--- DATA PROVIDED Enclosed Below ---

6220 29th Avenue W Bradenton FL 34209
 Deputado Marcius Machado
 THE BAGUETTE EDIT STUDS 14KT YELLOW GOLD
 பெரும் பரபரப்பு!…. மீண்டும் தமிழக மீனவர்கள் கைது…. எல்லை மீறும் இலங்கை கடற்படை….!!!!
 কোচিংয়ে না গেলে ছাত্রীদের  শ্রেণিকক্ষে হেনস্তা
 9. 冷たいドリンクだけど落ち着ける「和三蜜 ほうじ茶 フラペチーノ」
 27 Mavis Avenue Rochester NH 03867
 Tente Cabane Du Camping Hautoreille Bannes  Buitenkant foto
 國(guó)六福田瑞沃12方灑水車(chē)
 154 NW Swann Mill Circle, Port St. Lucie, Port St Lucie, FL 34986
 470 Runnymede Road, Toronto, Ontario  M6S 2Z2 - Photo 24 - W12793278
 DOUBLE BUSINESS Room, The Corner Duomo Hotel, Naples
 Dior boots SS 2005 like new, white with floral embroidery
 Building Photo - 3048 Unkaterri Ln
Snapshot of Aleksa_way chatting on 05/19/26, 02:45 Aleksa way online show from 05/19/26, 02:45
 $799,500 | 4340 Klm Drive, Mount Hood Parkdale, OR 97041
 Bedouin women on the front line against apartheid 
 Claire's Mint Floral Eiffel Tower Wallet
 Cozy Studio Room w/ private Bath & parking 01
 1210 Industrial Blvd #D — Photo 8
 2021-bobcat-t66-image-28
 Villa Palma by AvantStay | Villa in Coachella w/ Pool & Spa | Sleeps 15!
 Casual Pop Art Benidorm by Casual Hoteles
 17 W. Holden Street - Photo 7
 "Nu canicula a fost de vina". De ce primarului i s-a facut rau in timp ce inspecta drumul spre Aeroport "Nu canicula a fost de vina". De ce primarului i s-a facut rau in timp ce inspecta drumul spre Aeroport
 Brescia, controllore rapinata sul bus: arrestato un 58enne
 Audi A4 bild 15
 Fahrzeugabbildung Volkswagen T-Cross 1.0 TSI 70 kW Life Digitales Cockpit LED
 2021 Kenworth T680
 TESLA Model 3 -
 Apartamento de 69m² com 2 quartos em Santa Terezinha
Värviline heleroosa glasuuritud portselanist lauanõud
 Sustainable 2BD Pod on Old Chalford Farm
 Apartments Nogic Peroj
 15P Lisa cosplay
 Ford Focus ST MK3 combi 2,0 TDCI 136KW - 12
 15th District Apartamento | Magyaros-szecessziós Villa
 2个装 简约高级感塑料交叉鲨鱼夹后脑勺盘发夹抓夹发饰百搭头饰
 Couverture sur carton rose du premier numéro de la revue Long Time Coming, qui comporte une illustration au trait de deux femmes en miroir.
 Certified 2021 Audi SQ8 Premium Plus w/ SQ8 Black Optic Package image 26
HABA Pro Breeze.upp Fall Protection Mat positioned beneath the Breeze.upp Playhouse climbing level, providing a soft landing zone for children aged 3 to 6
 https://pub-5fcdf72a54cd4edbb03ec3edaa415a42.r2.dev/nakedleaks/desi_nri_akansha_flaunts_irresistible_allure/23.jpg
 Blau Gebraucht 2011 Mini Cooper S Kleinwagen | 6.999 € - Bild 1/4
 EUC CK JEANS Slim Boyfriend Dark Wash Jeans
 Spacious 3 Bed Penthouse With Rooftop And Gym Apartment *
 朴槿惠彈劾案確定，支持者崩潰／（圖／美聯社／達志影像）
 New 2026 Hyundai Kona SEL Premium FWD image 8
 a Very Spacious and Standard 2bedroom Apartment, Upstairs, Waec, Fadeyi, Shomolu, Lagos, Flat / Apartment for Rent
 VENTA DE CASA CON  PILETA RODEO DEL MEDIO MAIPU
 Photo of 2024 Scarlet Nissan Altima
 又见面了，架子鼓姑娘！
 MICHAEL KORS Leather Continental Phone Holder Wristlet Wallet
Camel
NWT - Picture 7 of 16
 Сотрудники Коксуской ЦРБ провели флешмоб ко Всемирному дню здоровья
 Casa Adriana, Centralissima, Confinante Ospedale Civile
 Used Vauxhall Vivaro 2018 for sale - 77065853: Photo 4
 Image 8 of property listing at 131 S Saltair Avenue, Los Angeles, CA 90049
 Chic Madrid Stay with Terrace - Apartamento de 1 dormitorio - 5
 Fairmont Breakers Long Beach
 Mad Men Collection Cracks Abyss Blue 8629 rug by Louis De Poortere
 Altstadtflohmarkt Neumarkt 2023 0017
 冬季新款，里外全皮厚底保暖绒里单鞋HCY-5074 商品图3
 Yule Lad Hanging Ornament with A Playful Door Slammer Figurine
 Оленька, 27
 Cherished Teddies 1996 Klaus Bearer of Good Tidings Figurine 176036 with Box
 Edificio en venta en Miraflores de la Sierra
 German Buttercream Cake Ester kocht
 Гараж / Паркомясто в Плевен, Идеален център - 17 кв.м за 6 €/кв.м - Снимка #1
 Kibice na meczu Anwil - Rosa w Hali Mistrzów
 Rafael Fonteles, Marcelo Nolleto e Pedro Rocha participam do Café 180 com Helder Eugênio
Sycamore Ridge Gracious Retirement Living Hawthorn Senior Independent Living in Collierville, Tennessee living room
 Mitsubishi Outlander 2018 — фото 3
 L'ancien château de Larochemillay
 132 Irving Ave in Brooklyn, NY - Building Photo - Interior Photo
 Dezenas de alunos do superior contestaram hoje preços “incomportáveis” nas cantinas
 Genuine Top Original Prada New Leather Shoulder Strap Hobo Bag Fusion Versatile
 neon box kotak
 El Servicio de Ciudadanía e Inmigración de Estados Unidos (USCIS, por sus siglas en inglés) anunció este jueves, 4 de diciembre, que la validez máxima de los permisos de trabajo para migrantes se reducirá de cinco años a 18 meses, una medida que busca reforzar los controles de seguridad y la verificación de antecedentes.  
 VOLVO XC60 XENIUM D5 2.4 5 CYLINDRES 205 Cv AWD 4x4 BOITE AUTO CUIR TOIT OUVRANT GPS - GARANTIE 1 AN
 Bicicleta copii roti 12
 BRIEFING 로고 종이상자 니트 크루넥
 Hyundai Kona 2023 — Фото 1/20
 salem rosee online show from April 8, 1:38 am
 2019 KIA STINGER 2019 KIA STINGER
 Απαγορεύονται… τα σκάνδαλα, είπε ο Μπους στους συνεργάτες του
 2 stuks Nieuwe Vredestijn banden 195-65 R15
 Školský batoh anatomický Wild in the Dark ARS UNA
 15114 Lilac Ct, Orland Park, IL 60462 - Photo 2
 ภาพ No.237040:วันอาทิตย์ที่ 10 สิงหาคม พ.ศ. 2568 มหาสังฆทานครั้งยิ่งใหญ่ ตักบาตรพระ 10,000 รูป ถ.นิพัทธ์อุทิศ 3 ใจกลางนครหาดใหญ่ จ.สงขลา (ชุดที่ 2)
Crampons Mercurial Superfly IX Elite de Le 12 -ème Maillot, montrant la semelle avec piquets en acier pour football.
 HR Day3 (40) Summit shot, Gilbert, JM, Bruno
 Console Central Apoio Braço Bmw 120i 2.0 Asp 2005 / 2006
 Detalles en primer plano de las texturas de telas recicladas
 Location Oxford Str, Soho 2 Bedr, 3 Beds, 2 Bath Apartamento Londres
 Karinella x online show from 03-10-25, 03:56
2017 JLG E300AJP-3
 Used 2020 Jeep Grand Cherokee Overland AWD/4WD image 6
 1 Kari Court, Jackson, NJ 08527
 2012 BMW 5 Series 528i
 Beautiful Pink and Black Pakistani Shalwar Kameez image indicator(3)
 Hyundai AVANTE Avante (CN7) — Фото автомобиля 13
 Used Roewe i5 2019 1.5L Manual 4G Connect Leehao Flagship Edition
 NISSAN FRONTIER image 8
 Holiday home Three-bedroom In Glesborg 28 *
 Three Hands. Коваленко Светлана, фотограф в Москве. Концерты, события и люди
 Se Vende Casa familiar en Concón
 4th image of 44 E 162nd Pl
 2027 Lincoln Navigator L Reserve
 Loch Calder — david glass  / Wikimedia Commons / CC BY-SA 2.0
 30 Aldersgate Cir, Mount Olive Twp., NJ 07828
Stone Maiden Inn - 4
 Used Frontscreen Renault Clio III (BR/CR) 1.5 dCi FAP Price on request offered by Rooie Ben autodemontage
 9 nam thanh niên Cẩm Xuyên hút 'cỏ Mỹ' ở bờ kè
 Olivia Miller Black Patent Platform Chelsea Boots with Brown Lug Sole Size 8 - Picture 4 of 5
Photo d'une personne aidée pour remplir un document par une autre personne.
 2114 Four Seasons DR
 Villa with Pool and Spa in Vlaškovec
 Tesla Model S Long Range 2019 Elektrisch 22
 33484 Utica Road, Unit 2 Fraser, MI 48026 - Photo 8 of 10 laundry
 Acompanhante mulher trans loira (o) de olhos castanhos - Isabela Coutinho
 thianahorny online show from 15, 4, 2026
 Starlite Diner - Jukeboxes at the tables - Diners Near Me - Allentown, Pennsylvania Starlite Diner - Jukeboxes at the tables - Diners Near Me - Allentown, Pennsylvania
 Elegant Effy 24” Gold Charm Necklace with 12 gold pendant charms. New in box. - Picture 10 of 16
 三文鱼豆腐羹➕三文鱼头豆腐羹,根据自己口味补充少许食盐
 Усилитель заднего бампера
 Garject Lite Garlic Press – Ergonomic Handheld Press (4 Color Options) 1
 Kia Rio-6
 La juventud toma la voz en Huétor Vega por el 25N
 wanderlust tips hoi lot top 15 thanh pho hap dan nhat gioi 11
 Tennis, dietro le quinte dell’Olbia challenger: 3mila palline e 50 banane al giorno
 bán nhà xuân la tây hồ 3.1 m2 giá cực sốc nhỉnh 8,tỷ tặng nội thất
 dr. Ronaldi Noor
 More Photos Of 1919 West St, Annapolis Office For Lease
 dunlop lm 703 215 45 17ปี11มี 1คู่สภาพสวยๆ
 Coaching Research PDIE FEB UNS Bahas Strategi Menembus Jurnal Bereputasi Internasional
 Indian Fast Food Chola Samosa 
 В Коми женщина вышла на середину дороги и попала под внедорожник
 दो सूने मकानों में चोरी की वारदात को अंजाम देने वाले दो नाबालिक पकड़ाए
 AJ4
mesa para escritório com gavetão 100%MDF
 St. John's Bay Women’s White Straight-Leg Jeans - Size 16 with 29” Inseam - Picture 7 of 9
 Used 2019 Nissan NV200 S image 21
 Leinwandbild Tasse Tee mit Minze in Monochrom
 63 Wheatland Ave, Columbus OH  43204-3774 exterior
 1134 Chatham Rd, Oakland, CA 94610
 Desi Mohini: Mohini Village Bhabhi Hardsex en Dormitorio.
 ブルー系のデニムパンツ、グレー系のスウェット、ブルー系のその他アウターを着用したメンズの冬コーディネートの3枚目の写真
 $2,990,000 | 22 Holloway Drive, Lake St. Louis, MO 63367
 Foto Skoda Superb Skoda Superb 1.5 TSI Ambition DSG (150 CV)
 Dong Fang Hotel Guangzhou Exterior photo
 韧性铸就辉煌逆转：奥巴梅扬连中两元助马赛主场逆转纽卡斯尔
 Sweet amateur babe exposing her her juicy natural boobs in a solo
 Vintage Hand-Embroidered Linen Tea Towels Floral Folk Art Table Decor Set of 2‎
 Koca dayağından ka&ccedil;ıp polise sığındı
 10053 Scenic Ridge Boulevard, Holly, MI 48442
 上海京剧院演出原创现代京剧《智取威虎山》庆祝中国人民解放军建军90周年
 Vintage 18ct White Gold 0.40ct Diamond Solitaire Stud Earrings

--- End of Enclosed DATA PROVIDED ---

§ **AIM OF THE TASK**
For this exercise, copy every line of the data that holds "Louis".

§ **EXERCISE ANSWER**
 Mad Men Collection Cracks Abyss Blue 8629 rug by Louis De Poortere
 $2,990,000 | 22 Holloway Drive, Lake St. Louis, MO 63367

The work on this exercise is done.